Question

The equivalent weight of \(\text{Na}_2\text{S}_2\text{O}_3\) (Gram molecular weight = \(M\)) in the given reaction is:
\[\text{I}_2 + 2 \text{Na}_2\text{S}_2\text{O}_3 \rightarrow 2 \text{NaI} + \text{Na}_2\text{S}_4\text{O}_6\]

• A. M/2
• B. M
• C. 2M
• D. M/4

Answer 1

The Correct Option is B

The reaction involves: \( \text{I}_2 + 2\text{Na}_2\text{S}_2\text{O}_3 \rightarrow 2\text{NaI} + \text{Na}_2\text{S}_4\text{O}_6 \)

Here, each molecule of \( \text{Na}_2\text{S}_2\text{O}_3 \) donates 1 electron, leading to a total of 2 electrons being transferred per molecule of \( \text{I}_2 \). 

Oxidation states of sulfur: In \( \text{Na}_2\text{S}_2\text{O}_3 \), the average oxidation state of sulfur is +2. During the reaction, sulfur in \( \text{Na}_2\text{S}_2\text{O}_3 \) is partially oxidized to \( \text{Na}_2\text{S}_4\text{O}_6 \), where the average oxidation state becomes +2.5.

Definition of equivalent weight: The equivalent weight of a substance is given by: \( \text{Equivalent Weight} = \frac{\text{Molecular Weight}}{n} \) Here, \( n \) represents the number of electrons transferred per molecule in the reaction.

Calculation: For \( \text{Na}_2\text{S}_2\text{O}_3 \), \( n = 1 \), because each molecule transfers 1 electron.

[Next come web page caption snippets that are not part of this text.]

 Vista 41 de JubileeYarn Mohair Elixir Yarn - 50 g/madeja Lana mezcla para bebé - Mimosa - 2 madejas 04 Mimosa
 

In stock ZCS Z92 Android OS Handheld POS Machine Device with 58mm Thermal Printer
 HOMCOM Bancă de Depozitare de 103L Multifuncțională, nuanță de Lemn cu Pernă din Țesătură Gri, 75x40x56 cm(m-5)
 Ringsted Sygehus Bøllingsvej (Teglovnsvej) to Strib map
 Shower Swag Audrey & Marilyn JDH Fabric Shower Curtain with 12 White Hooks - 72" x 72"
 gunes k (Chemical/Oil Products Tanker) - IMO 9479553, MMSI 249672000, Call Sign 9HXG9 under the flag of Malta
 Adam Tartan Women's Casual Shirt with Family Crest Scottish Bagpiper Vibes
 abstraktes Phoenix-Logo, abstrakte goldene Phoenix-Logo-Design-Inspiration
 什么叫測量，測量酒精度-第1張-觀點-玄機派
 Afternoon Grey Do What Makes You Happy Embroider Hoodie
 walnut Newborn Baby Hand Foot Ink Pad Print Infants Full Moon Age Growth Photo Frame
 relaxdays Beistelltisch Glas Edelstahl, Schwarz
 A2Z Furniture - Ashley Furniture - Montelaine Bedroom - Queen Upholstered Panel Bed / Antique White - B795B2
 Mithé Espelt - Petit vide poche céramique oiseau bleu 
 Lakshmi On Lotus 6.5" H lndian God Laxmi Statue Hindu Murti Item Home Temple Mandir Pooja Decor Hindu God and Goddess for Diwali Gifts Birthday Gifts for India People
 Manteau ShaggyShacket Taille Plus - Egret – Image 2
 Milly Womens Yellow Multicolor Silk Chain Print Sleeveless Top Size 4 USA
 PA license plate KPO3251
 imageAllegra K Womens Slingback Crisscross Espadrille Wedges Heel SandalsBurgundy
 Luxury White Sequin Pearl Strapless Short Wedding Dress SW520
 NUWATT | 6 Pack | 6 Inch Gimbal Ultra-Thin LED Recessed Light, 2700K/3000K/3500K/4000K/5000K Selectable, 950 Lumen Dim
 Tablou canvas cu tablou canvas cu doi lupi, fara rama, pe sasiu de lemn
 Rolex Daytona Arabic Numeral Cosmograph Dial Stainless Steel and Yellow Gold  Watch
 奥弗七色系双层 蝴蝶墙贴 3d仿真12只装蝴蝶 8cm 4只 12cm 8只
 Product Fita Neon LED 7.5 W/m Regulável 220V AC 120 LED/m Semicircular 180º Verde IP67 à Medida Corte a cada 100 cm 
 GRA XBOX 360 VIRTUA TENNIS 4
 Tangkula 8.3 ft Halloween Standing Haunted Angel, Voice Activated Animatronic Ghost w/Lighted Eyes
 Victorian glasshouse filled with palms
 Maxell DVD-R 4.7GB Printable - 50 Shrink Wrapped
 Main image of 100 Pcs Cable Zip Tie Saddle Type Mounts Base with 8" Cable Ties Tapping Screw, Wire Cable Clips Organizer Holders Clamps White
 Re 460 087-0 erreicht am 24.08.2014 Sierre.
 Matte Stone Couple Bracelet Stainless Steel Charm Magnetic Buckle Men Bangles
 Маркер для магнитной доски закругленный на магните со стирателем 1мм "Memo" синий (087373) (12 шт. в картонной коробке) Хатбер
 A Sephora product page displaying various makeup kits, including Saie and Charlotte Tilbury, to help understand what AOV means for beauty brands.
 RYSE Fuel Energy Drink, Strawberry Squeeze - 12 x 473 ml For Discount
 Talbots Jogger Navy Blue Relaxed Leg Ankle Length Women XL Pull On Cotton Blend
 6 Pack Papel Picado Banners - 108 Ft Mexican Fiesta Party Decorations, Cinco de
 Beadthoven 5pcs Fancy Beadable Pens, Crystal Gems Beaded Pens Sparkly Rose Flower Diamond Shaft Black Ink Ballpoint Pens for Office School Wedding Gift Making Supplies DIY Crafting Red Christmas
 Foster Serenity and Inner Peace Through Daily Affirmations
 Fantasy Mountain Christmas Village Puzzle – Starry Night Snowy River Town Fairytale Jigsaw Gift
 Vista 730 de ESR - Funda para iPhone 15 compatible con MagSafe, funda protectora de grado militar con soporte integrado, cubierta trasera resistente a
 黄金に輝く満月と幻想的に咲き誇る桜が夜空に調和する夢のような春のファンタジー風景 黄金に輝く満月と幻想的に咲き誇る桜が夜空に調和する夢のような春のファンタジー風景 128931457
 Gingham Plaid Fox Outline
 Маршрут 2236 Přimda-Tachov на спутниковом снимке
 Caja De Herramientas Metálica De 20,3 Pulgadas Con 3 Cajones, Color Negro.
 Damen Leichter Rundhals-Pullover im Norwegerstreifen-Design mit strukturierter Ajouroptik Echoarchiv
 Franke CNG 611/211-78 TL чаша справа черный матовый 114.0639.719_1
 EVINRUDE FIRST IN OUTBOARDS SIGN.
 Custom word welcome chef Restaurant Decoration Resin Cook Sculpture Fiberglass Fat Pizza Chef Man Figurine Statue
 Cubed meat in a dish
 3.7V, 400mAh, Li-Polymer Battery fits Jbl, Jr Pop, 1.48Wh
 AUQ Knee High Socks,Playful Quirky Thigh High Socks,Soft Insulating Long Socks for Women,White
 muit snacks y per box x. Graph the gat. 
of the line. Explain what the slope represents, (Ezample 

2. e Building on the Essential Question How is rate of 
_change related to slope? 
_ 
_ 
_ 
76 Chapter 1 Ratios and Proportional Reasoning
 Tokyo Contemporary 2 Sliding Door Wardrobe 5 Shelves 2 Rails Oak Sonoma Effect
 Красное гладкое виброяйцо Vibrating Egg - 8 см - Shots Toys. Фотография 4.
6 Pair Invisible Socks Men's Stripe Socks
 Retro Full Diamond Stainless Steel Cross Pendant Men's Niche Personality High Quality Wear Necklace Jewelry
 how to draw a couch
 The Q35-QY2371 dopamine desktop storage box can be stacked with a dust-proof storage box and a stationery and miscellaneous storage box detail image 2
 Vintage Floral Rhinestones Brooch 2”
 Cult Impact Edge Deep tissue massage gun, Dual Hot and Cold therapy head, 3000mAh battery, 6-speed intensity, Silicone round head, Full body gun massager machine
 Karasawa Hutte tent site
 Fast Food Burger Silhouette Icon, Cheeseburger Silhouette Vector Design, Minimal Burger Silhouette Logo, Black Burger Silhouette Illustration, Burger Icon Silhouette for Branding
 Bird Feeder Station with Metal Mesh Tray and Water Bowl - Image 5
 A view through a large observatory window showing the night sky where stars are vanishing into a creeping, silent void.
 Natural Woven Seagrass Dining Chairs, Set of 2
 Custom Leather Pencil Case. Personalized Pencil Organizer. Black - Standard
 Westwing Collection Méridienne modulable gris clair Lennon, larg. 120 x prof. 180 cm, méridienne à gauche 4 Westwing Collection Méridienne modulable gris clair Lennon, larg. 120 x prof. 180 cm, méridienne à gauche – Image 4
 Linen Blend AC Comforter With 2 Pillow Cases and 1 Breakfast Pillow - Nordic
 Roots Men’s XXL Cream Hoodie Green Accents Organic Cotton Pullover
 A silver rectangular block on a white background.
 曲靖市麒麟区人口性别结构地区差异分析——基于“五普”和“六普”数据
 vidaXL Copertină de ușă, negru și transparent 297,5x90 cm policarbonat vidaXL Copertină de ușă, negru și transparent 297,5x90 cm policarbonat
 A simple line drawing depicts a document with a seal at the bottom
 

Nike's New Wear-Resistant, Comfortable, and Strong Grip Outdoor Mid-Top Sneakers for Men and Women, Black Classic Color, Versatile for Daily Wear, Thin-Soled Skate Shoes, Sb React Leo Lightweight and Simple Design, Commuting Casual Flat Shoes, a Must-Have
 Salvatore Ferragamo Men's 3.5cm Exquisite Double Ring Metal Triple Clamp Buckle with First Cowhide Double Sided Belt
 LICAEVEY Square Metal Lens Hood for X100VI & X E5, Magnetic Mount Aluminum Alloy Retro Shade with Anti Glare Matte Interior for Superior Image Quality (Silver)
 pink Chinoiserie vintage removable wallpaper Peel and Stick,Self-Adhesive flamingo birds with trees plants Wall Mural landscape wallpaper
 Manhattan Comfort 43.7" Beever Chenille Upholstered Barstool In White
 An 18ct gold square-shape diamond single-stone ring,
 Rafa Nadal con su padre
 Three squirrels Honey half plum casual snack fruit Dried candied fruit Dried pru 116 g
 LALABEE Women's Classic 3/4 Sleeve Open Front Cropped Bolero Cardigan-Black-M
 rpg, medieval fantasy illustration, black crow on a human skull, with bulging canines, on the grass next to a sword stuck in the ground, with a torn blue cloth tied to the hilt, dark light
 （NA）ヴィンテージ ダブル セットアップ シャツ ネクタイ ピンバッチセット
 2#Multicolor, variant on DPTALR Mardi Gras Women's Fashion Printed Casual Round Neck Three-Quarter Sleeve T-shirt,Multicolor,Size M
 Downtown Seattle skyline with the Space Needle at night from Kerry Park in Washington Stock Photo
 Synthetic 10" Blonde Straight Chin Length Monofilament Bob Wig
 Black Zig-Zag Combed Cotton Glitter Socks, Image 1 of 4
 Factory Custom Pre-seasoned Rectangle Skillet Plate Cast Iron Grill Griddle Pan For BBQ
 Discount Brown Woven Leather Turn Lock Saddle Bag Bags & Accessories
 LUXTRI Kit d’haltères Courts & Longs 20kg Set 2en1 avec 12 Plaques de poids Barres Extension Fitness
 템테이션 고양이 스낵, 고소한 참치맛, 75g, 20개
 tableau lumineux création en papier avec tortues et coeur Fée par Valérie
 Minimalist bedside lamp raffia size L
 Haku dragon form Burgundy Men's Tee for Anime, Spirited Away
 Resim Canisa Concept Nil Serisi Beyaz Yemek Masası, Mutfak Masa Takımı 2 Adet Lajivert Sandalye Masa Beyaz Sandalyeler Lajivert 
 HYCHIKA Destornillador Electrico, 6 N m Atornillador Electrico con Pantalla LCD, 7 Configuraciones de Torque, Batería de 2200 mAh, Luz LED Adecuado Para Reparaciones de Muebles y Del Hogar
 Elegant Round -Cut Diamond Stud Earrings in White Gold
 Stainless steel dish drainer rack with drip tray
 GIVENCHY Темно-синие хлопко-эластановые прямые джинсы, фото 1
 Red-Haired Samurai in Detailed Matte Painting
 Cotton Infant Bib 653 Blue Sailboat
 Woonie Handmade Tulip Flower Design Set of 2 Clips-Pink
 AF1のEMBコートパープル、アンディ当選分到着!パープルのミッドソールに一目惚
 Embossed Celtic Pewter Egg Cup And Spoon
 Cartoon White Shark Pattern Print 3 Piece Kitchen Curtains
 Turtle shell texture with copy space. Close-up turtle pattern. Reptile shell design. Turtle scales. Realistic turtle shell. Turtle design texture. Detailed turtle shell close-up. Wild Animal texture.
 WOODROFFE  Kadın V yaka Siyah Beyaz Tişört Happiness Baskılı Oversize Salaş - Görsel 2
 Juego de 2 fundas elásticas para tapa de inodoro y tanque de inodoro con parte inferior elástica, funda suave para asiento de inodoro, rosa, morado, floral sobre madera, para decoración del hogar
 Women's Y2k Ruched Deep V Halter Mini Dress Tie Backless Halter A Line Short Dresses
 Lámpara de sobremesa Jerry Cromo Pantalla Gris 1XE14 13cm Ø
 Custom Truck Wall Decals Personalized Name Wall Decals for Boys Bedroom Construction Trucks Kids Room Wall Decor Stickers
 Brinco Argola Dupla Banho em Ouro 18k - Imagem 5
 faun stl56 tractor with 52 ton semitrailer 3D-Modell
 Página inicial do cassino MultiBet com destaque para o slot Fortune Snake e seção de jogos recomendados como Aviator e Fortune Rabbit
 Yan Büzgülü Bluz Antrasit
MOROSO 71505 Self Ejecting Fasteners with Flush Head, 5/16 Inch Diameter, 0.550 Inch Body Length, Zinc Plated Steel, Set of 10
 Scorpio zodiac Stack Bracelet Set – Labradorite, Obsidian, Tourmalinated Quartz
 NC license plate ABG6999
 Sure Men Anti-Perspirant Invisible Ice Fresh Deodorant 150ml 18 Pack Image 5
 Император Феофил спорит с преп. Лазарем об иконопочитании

Therefore, the equivalent weight of \( \text{Na}_2\text{S}_2\text{O}_3 \) is equal to its molecular weight, \( M \). Thus, the equivalent weight of \( \text{Na}_2\text{S}_2\text{O}_3 \) in this reaction is \( M \).

Answer 2

Correct Answer:

Option 2: M

Explanation:

1. Analyze the Reaction:

I₂ + 2Na₂S₂O₃ → 2NaI + Na₂S₄O₆

2. Determine the Change in Oxidation State:

In Na₂S₂O₃, the average oxidation state of sulfur is +2.

In Na₂S₄O₆, the average oxidation state of sulfur is +2.5.

3. Calculate the Change per Molecule:

Each S atom in Na₂S₂O₃ changes its oxidation state from +2 to +2.5, a change of 0.5.

There are two sulfur atoms in Na₂S₂O₃, so the total change in oxidation state per molecule of Na₂S₂O₃ is 2 * 0.5 = 1.

4. Determine the n-factor:

The n-factor (number of electrons transferred per molecule) is equal to the total change in oxidation state, which is 1.

5. Calculate the Equivalent Weight:

Equivalent weight = Molecular weight / n-factor

Equivalent weight = M / 1 = M